Restaurant: Pho Kim Long
City: San Jose, CA
Had pho for dinner tonight! I realized I didn’t have pho for a while, and hadn’t been to my favorite pho place in the South Bay in months!
Pho is one of my comfort foods; when I was a kid, my family would get pho in Oakland Chinatown almost every week (it is now under a different management, sadly). My parents grew up in Saigon, where they’d occasionally have pho from street vendors. Pho can be very filling and good for cold weathers.
Pho with tai, chin, nam, and gan – rice noodle soup with rare beef, well-done brisket, flank, and tendon. A plate of bean sprouts, lemon wedges, jalapeno peppers, and Thai basil was also served. I added all of those ingredients and also asked for hanh dam, which is vinegared onion. I also eat the meats with hoisin sauce and Sriracha sauce.
I’ve eaten with friends that put fish sauce (not nuoc mam, but the concentrated fish sauce), Sriracha sauce, hoisin sauce, and/or sugar into their pho. I’ve also tried their soup at the end… it’s entirely different than what I’m used to. It’s pretty interesting how each person’s pho tastes the same at the beginning but totally different at the end. Most of my friends/family dislike my pho because I add bean sprouts, lemon juice, and jalapeno pepper to my bowl, but I love it!
Read on for a little history about pho, from Wikipedia:
Phở is a Vietnamese noodle soup consisting of broth, linguine-shaped rice noodles called bánh phở, a few herbs, and meat. It is a popular street food in Vietnam and the specialty of a number of restaurant chains around the world. Pho is primarily served with either beef or chicken. The Hanoi and Saigon styles of pho differ by noodle width, sweetness of broth, and choice of herbs. The origin of pho and its name is a subject of scholarly debate.
Pho originated in the early 20th century in northern Vietnam, apparently southeast of Hanoi in Nam Định Province, then a substantial textile market. The traditional home of pho is reputed to be the villages of Vân Cù and Dao Cù (or Giao Cù) in Đông Xuân commune, Nam Trực District, Nam Định Province. According to villagers, pho was eaten in Vân Cù long before the French colonial period when it was popularized.
In the late 1920s, various vendors experimented with húng lìu (a seasoning made of ground cinnamon, star anise, thảo quả, and clove), sesame oil, tofu, and even Lethocerus indicus extract (cà cuống). This “phở cải lương” failed to enter the mainstream. Phở tái, served with beef cooked rare, had been introduced by 1930. Chicken pho appeared in 1939, possibly because beef was not sold at the markets on Mondays and Fridays at the time.
With the Partition of Vietnam in 1954, over a million people fled North Vietnam for the South. Pho, previously unpopular in the South, suddenly took off. No longer confined to northern culinary traditions, variations in meat and broth appeared, and additional garnishes, such as lime, bean sprouts, culantro (ngò gai), cinnamon basil (húng quế), and Hoisin sauce (tương đen), became standard fare. Phở tái also began to rival fully cooked phở chín in popularity.
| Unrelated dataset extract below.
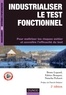 Bruno Legeard et Fabrice Bouquet - Industrialiser le test fonctionnel - 2e édition - Pour maîtriser les risques métier et accroître l'efficacité du test.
Pho is served in a bowl with a specific cut of white rice noodles in clear beef broth, with slim cuts of beef (steak, fatty flank, lean flank, brisket). Variations feature tendon, tripe, or meatballs in southern Vietnam. Chicken pho is made using the same spices as beef, but the broth is made using only chicken bones and meat, as well as some internal organs of the chicken, such as the heart, the undeveloped eggs and the gizzard.
The several regional variants of pho in Vietnam, particularly divided between northern (Hanoi, are called phở bắc or “northern pho”), and southern pho (Saigon, called phở Sài Gòn). Northern pho tends to use somewhat wider noodles and much more green onion, and garnishes offered generally include only vinegar, fish sauce and chili sauce. On the other hand, southern Vietnamese pho broth is slightly sweeter and has bean sprouts and a greater variety of fresh herbs. The variations in meat, broth, and additional garnishes such as lime, bean sprouts, ngò gai (Eryngium foetidum), húng quế (Thai/Asian basil), and tương đen (bean sauce/hoisin sauce), tương ớt (hot chili garlic sauce) appear to be innovations made by or introduced to the south, also called Pho Sai Gon (“Saigon Style” Pho).
Southerners eat pho for breakfast and occasionally lunch, whereas northerners eat pho at any time of day.